Julien C. Vantourout; Andrew M. Mason; Josephine Yuen; Graham L. Simpson; Ghotas Evindar; Letian Kuai; Michael Hobbs; Emma Edgar; Saul Needle; Xiaopeng Bai; Steve Wilson; Paul Scott-Stevens; William Traylen; Kim Lambert; Neil Young; Shenaz Bunally; Scott G. Summerfield; Richard Snell; Rakesh Lad; Eric Shi; Steven Skinner; Lisa Shewchuk; Allan J.B. Watson; Chun-wa Chung; Sandeep Pal; Dennis A. Holt; Lara S. Kallander; Joanne Prendergast; Katrina Rivera; David G. Washburn; Mark R. Harpel; Christopher Arico-Muendel; Albert Isidro-Llobet
Bioconjugate Chem., 2021, 32, 2, 279-289
https://doi.org/10.1021/acs.bioconjchem.0c00662

Abstract

Reducing the required frequence of drug dosing can improve the adherence of patients to chronic treatments. Hence, drugs with longer in vivo half-lives are highly desirable. One of the most promising approaches to extend the in vivo half-life of drugs is conjugation to human serum albumin (HSA). In this work, we describe the use of AlbuBinder 1, a small-molecule noncovalent HSA binder, to extend the in vivo half-life and pharmacology of small-molecule BMP1/TLL inhibitors in humanized mice (HSA KI/KI).

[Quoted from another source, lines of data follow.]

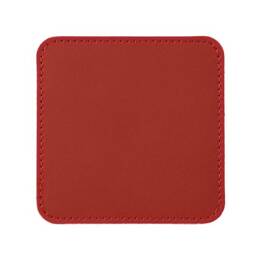 Sous-Verre carré en cuir rouge coquelicot, set de 6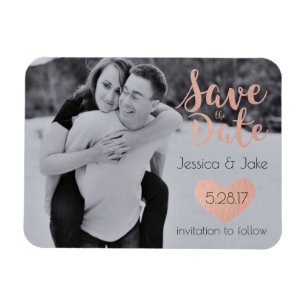 Photo Save the Date with Rose Gold Magnet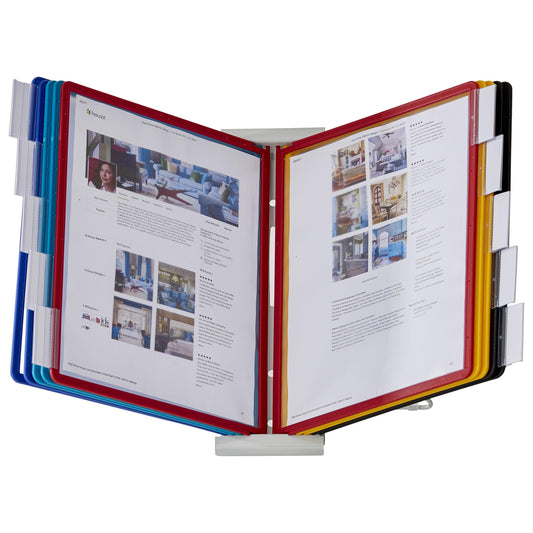 Durable Instaview20 Pocket Expandable Desktop Reference System - Letter Size 10 Double-Sided Panels - Assorted Color Borders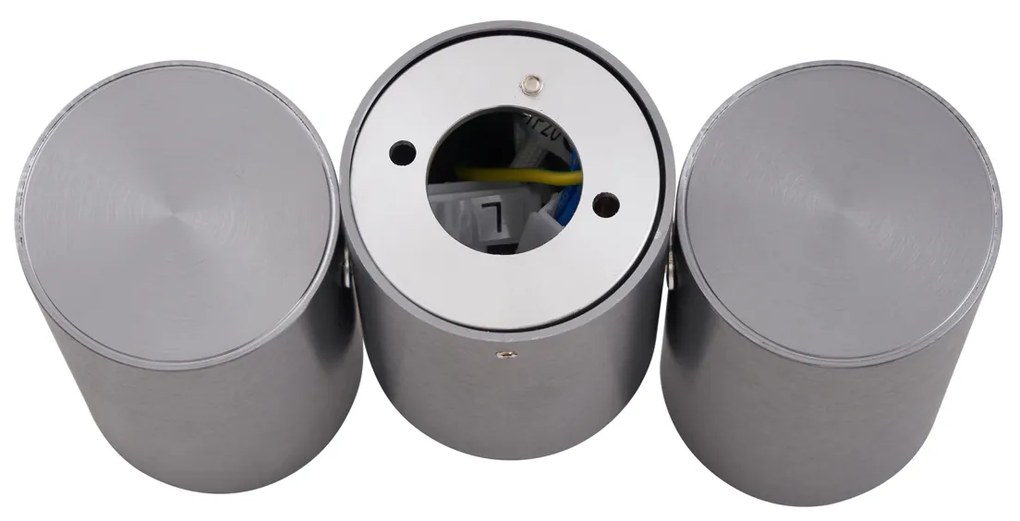 Spot de design integrat, metal gri-tun, GU10, 50 mm, 2 lumini, inclinabil - Michael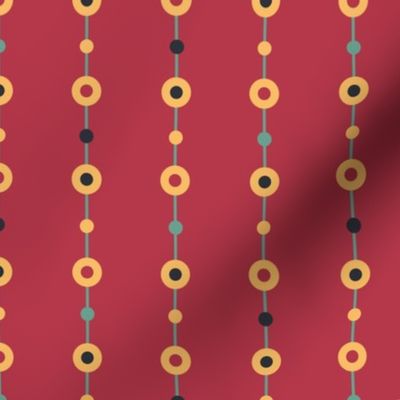 Folk Beads on red seamless pattern background.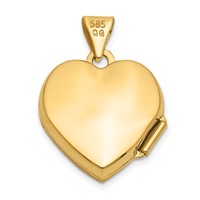 14K Floral I Love You Script 15mm Heart Locket view 3
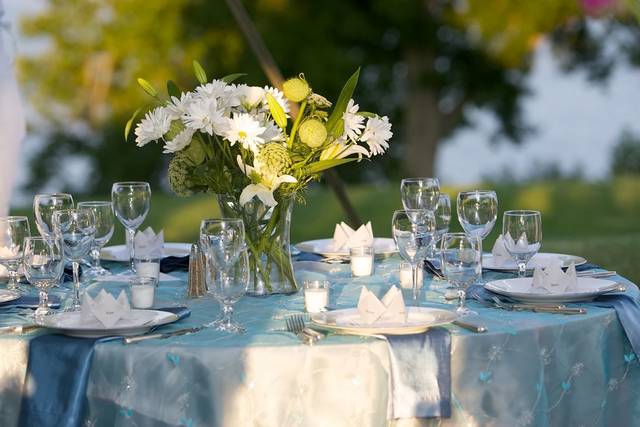 Table setup with centerpiece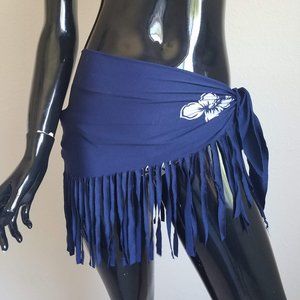 Navy Blue Fringe Swim Cover Up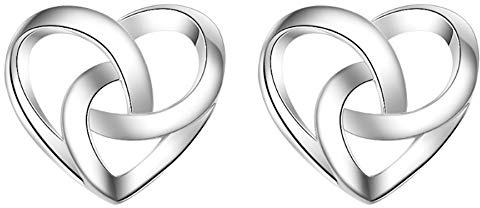 LÖB Damen Ohrstecker 925 Silber Stecker mit Herz Brezel Infinity Knoten Oktoberfest Dirndl Tracht Ohrringe Modern Schlicht Set
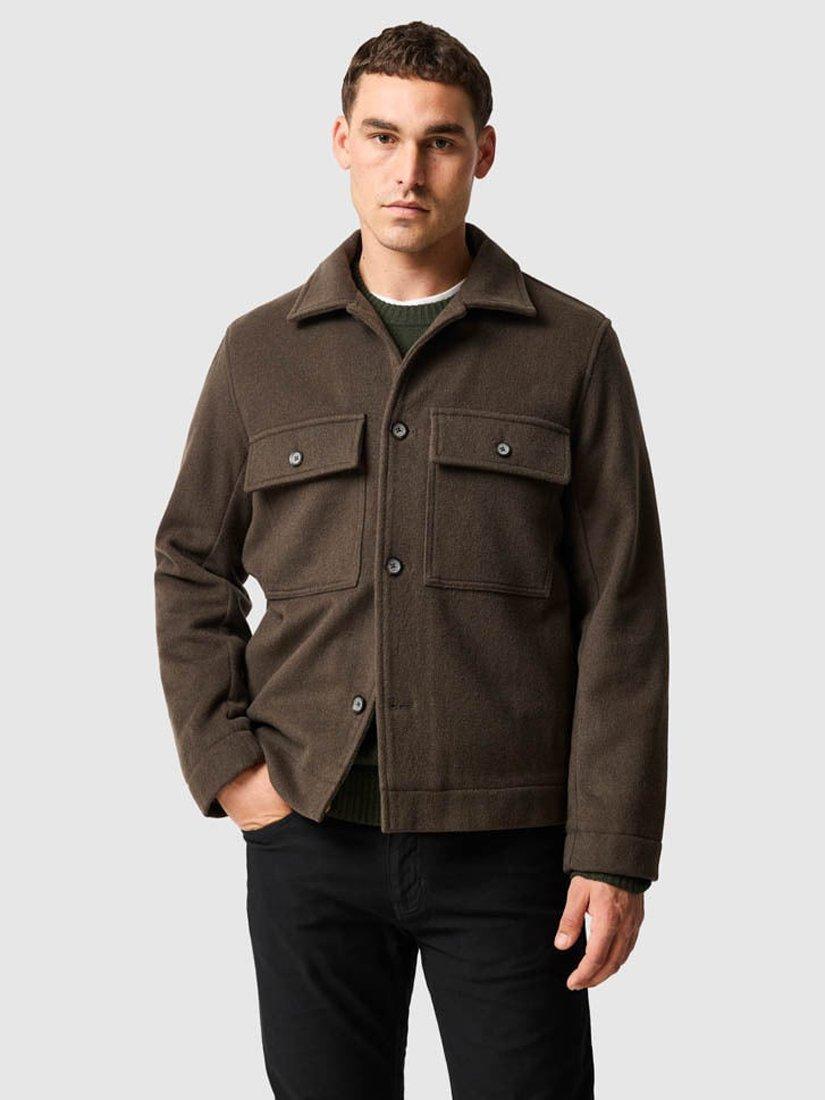 Product image 1 of 4, which shows Rodd & Gunn Windsoe Wool Blend Overshirt, Olive, L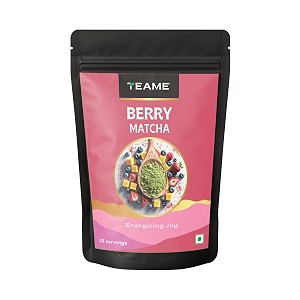 te-a-me berry matcha tea powder 50g 33 servings  no artificial sweeteners  premium grade  flavoured matcha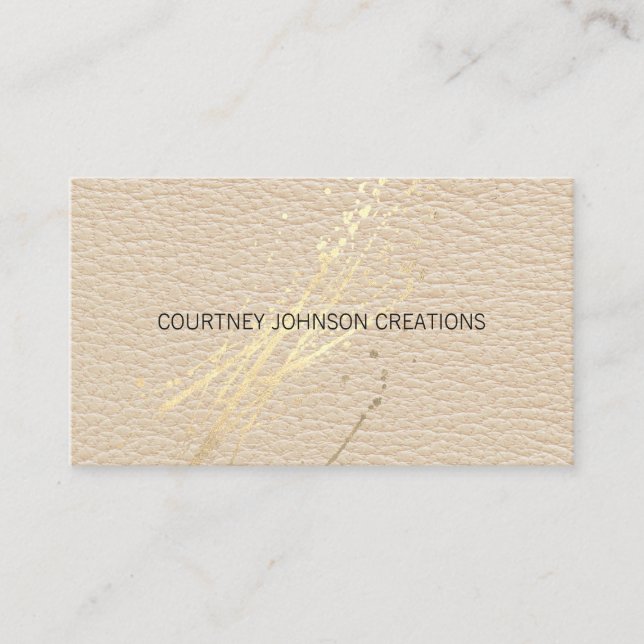 Gold Expressive Splatter | Leather Texture Business Card (Front)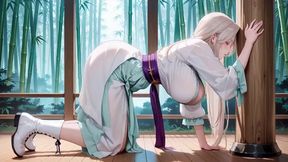 WHITE KIMONO MAID IN JAPANESE CORRIDOR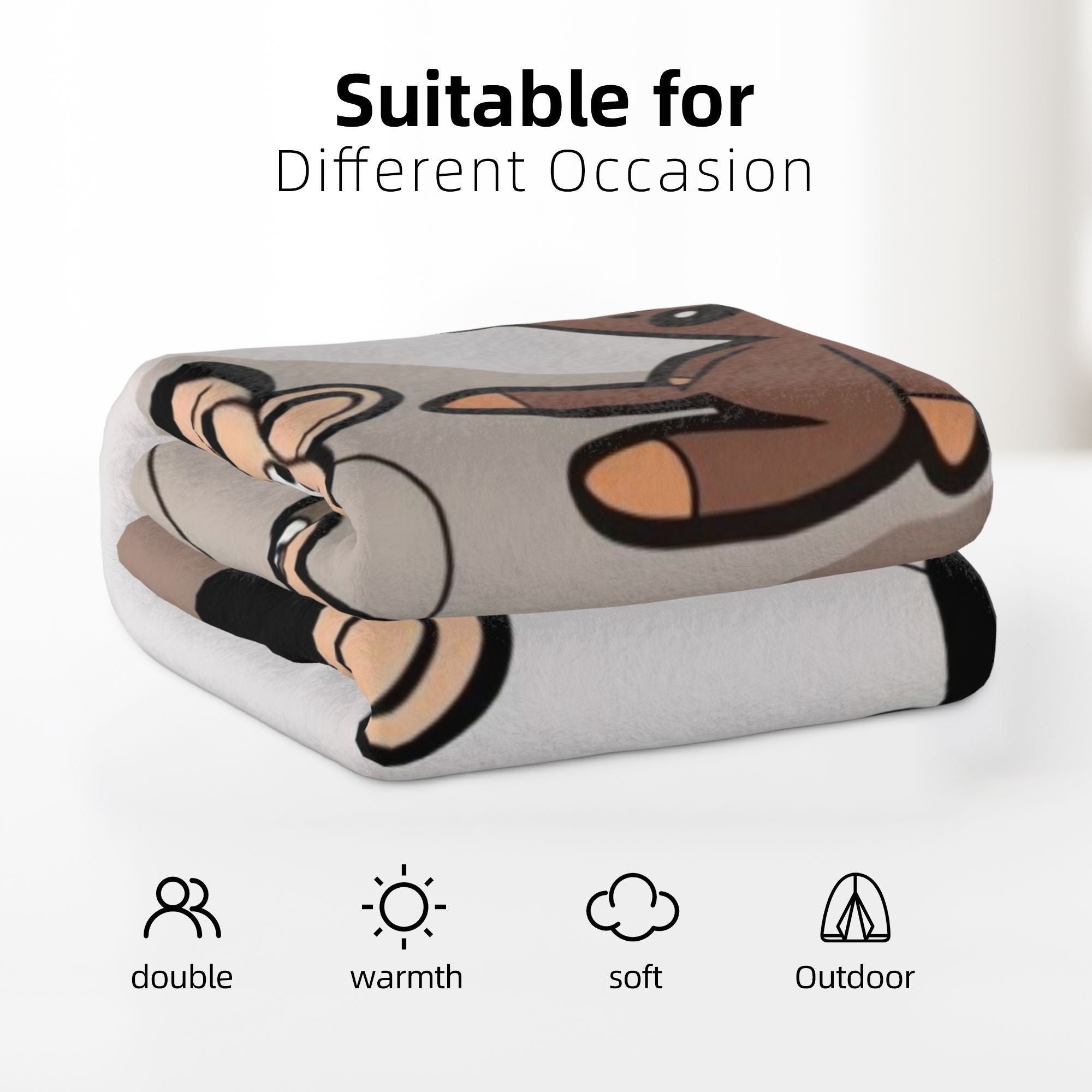 Cozy Flannel Blanket with Vintage Anime Style Geometric Pattern for Home Office Camping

A series of conjugates of AlbuBinder 1 with BMP1/TLL inhibitors were prepared. In particular, conjugate c showed good solubility and a half-life extension of >20-fold versus the parent molecule in the HSA KI/KI mice, reaching half-lives of >48 h with maintained maximal inhibition of plasma BMP1/TLL. The same conjugate showed a half-life of only 3 h in the wild-type mice, suggesting that the half-life extension was principally due to specific interactions with HSA. It is envisioned that conjugation to AlbuBinder 1 should be applicable to a wide range of small molecule or peptide drugs with short half-lives. In this context, AlbuBinders represent a viable alternative to existing half-life extension technologies.